_Information supplied:_
= = = = =

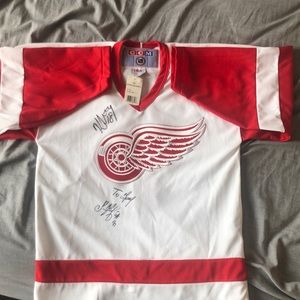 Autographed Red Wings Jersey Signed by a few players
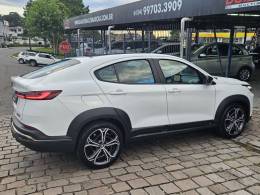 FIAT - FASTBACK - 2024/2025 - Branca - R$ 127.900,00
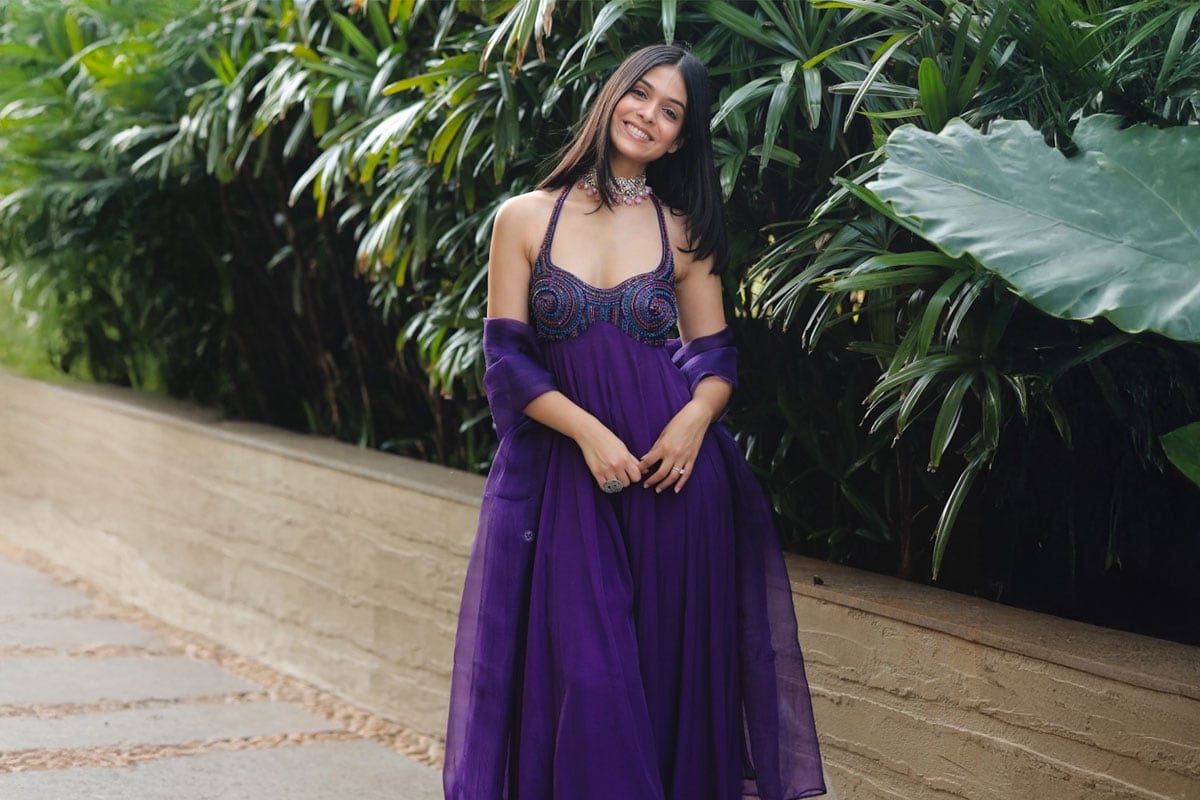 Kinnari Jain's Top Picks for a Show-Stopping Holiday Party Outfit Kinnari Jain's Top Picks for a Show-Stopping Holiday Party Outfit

= = = = =

The result should be the full listing, retyped exactly and free of pictures.

 Autographed Red Wings Jersey Signed by a few players
 FIAT - FASTBACK - 2024/2025 - Branca - R$ 127.900,00
 Kinnari Jain's Top Picks for a Show-Stopping Holiday Party Outfit Kinnari Jain's Top Picks for a Show-Stopping Holiday Party Outfit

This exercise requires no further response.